» **To do**: Exclude pictures; retype the lines below from the line containing "Full Brain White" through the end of the records, both ends kept.

» **Source data**:

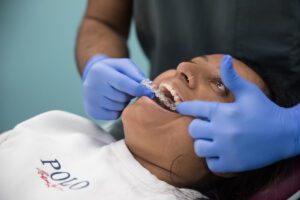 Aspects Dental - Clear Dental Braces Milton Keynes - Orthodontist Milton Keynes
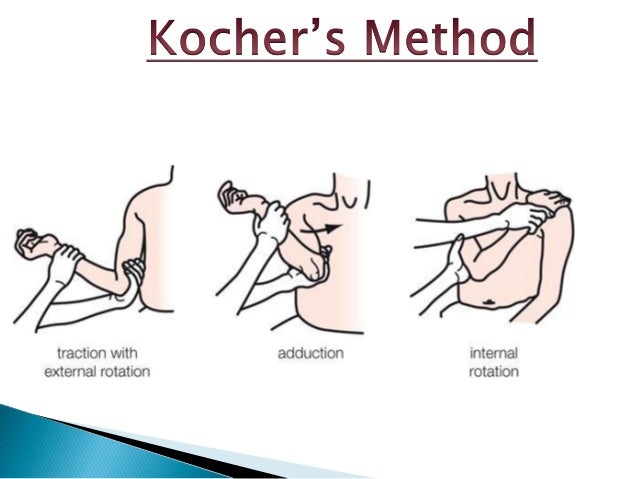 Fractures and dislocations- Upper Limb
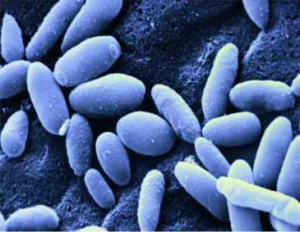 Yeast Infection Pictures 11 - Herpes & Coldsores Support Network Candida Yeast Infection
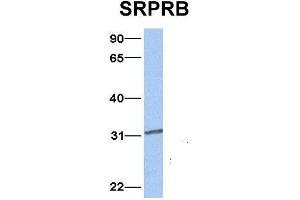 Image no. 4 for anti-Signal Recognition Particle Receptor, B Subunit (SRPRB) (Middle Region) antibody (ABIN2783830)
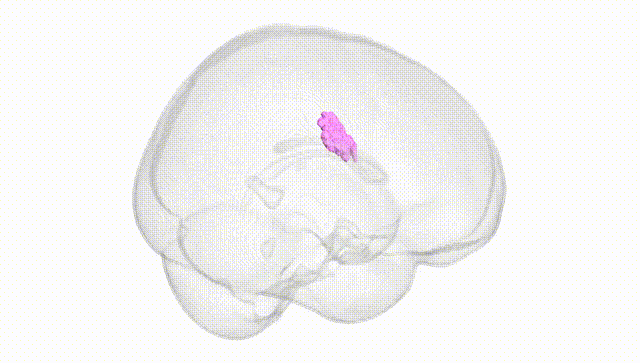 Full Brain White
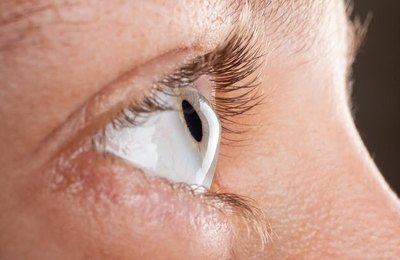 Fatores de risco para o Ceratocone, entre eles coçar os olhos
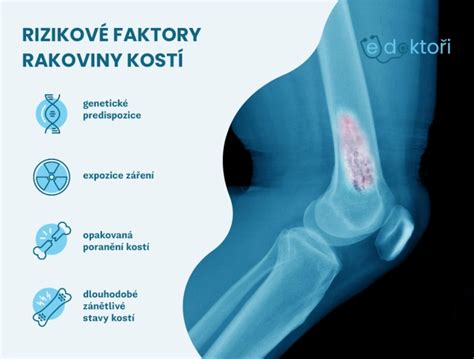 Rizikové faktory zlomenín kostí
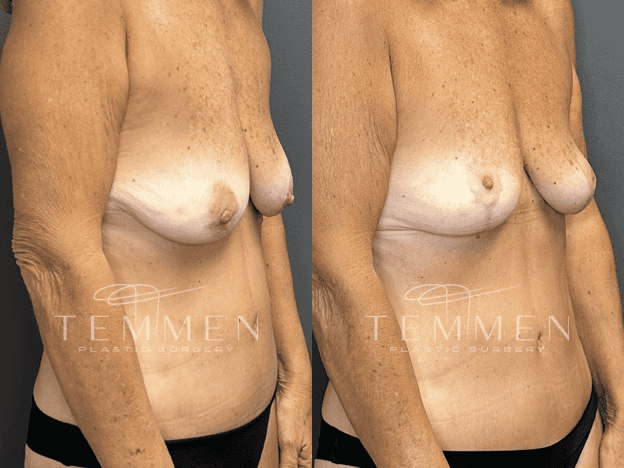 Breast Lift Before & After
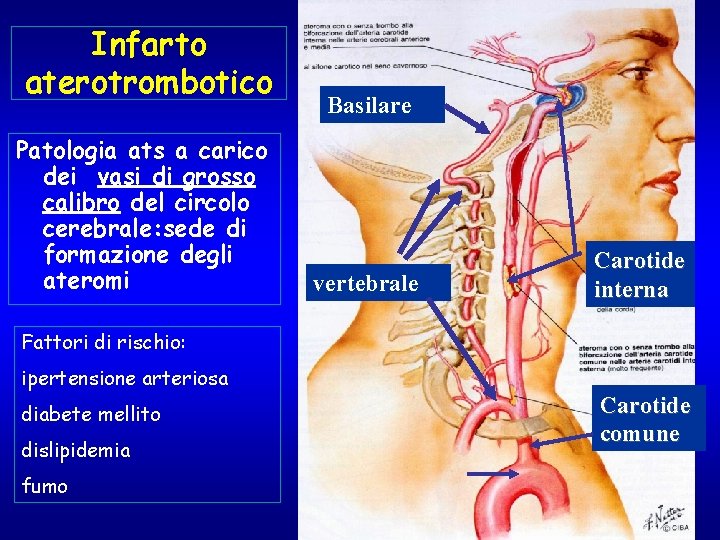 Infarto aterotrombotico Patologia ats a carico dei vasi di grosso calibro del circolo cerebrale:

» **Response to this exercise**:
 Full Brain White
 Fatores de risco para o Ceratocone, entre eles coçar os olhos
 Rizikové faktory zlomenín kostí
 Breast Lift Before & After
 Infarto aterotrombotico Patologia ats a carico dei vasi di grosso calibro del circolo cerebrale:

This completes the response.